[Extracted records]
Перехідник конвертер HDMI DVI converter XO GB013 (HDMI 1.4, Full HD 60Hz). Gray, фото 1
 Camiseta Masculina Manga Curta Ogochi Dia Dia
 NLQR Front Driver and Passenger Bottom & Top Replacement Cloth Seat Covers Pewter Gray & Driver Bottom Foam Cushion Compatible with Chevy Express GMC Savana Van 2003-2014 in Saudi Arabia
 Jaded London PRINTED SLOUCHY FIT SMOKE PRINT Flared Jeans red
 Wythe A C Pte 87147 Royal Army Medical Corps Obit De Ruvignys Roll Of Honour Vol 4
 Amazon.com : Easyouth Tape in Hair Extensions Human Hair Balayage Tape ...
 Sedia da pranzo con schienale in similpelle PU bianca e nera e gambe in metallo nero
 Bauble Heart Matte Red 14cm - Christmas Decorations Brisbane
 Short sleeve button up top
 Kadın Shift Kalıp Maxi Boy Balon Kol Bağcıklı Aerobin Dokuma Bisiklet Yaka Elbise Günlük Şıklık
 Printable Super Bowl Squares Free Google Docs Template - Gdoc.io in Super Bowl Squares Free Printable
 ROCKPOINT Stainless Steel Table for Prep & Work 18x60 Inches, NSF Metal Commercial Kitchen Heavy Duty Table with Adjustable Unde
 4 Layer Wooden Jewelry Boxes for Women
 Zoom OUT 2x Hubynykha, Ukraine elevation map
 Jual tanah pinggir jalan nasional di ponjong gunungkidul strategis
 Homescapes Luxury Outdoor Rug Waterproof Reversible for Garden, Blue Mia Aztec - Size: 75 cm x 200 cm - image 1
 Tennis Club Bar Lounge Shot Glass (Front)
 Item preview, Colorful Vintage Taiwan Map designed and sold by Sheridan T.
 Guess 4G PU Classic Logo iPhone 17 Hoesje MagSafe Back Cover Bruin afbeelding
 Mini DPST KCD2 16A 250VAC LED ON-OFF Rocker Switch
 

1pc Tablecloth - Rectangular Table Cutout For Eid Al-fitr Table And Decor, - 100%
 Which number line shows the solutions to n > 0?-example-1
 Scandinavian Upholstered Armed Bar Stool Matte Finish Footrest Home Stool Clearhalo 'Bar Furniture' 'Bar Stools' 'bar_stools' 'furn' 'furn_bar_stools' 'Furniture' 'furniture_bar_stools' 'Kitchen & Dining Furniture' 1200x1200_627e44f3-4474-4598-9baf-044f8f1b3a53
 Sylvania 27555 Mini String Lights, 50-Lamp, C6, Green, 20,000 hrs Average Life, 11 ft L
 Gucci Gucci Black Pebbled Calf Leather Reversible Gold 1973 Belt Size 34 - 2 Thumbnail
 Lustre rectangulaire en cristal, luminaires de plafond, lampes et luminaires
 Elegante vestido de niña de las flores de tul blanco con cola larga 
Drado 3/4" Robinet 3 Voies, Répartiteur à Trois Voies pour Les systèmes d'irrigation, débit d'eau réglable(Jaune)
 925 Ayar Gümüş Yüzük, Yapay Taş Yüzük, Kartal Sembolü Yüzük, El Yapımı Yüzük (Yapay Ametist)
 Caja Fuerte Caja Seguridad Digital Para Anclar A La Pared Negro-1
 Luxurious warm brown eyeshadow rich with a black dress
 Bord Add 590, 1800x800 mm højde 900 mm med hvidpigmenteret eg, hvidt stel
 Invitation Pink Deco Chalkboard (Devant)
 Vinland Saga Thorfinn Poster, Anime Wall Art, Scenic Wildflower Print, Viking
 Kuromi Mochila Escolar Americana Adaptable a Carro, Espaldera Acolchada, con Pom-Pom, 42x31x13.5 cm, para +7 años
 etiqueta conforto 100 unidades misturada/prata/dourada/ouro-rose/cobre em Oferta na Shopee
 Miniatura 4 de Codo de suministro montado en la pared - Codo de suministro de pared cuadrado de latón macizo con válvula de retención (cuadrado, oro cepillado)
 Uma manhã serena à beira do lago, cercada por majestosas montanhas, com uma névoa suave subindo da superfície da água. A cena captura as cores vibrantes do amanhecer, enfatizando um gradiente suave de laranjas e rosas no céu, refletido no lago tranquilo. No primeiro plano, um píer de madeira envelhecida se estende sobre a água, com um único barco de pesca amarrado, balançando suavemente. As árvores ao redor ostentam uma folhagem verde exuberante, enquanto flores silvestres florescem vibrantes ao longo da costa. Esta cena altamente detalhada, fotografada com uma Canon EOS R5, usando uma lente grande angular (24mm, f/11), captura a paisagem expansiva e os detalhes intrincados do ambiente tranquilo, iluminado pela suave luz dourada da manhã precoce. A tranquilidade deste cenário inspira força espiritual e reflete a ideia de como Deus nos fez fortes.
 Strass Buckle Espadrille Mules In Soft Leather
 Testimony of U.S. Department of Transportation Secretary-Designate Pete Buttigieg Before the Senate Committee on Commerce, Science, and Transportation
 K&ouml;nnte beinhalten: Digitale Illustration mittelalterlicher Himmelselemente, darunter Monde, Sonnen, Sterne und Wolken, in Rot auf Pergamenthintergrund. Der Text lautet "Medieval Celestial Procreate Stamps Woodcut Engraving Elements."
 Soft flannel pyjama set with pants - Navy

* Directions for this task
Restate each of the records exactly, leaving nothing out.

* Answer to this problem
Перехідник конвертер HDMI DVI converter XO GB013 (HDMI 1.4, Full HD 60Hz). Gray, фото 1
 Camiseta Masculina Manga Curta Ogochi Dia Dia
 NLQR Front Driver and Passenger Bottom & Top Replacement Cloth Seat Covers Pewter Gray & Driver Bottom Foam Cushion Compatible with Chevy Express GMC Savana Van 2003-2014 in Saudi Arabia
 Jaded London PRINTED SLOUCHY FIT SMOKE PRINT Flared Jeans red
 Wythe A C Pte 87147 Royal Army Medical Corps Obit De Ruvignys Roll Of Honour Vol 4
 Amazon.com : Easyouth Tape in Hair Extensions Human Hair Balayage Tape ...
 Sedia da pranzo con schienale in similpelle PU bianca e nera e gambe in metallo nero
 Bauble Heart Matte Red 14cm - Christmas Decorations Brisbane
 Short sleeve button up top
 Kadın Shift Kalıp Maxi Boy Balon Kol Bağcıklı Aerobin Dokuma Bisiklet Yaka Elbise Günlük Şıklık
 Printable Super Bowl Squares Free Google Docs Template - Gdoc.io in Super Bowl Squares Free Printable
 ROCKPOINT Stainless Steel Table for Prep & Work 18x60 Inches, NSF Metal Commercial Kitchen Heavy Duty Table with Adjustable Unde
 4 Layer Wooden Jewelry Boxes for Women
 Zoom OUT 2x Hubynykha, Ukraine elevation map
 Jual tanah pinggir jalan nasional di ponjong gunungkidul strategis
 Homescapes Luxury Outdoor Rug Waterproof Reversible for Garden, Blue Mia Aztec - Size: 75 cm x 200 cm - image 1
 Tennis Club Bar Lounge Shot Glass (Front)
 Item preview, Colorful Vintage Taiwan Map designed and sold by Sheridan T.
 Guess 4G PU Classic Logo iPhone 17 Hoesje MagSafe Back Cover Bruin afbeelding
 Mini DPST KCD2 16A 250VAC LED ON-OFF Rocker Switch
 

1pc Tablecloth - Rectangular Table Cutout For Eid Al-fitr Table And Decor, - 100%
 Which number line shows the solutions to n > 0?-example-1
 Scandinavian Upholstered Armed Bar Stool Matte Finish Footrest Home Stool Clearhalo 'Bar Furniture' 'Bar Stools' 'bar_stools' 'furn' 'furn_bar_stools' 'Furniture' 'furniture_bar_stools' 'Kitchen & Dining Furniture' 1200x1200_627e44f3-4474-4598-9baf-044f8f1b3a53
 Sylvania 27555 Mini String Lights, 50-Lamp, C6, Green, 20,000 hrs Average Life, 11 ft L
 Gucci Gucci Black Pebbled Calf Leather Reversible Gold 1973 Belt Size 34 - 2 Thumbnail
 Lustre rectangulaire en cristal, luminaires de plafond, lampes et luminaires
 Elegante vestido de niña de las flores de tul blanco con cola larga 
Drado 3/4" Robinet 3 Voies, Répartiteur à Trois Voies pour Les systèmes d'irrigation, débit d'eau réglable(Jaune)
 925 Ayar Gümüş Yüzük, Yapay Taş Yüzük, Kartal Sembolü Yüzük, El Yapımı Yüzük (Yapay Ametist)
 Caja Fuerte Caja Seguridad Digital Para Anclar A La Pared Negro-1
 Luxurious warm brown eyeshadow rich with a black dress
 Bord Add 590, 1800x800 mm højde 900 mm med hvidpigmenteret eg, hvidt stel
 Invitation Pink Deco Chalkboard (Devant)
 Vinland Saga Thorfinn Poster, Anime Wall Art, Scenic Wildflower Print, Viking
 Kuromi Mochila Escolar Americana Adaptable a Carro, Espaldera Acolchada, con Pom-Pom, 42x31x13.5 cm, para +7 años
 etiqueta conforto 100 unidades misturada/prata/dourada/ouro-rose/cobre em Oferta na Shopee
 Miniatura 4 de Codo de suministro montado en la pared - Codo de suministro de pared cuadrado de latón macizo con válvula de retención (cuadrado, oro cepillado)
 Uma manhã serena à beira do lago, cercada por majestosas montanhas, com uma névoa suave subindo da superfície da água. A cena captura as cores vibrantes do amanhecer, enfatizando um gradiente suave de laranjas e rosas no céu, refletido no lago tranquilo. No primeiro plano, um píer de madeira envelhecida se estende sobre a água, com um único barco de pesca amarrado, balançando suavemente. As árvores ao redor ostentam uma folhagem verde exuberante, enquanto flores silvestres florescem vibrantes ao longo da costa. Esta cena altamente detalhada, fotografada com uma Canon EOS R5, usando uma lente grande angular (24mm, f/11), captura a paisagem expansiva e os detalhes intrincados do ambiente tranquilo, iluminado pela suave luz dourada da manhã precoce. A tranquilidade deste cenário inspira força espiritual e reflete a ideia de como Deus nos fez fortes.
 Strass Buckle Espadrille Mules In Soft Leather
 Testimony of U.S. Department of Transportation Secretary-Designate Pete Buttigieg Before the Senate Committee on Commerce, Science, and Transportation
 K&ouml;nnte beinhalten: Digitale Illustration mittelalterlicher Himmelselemente, darunter Monde, Sonnen, Sterne und Wolken, in Rot auf Pergamenthintergrund. Der Text lautet "Medieval Celestial Procreate Stamps Woodcut Engraving Elements."
 Soft flannel pyjama set with pants - Navy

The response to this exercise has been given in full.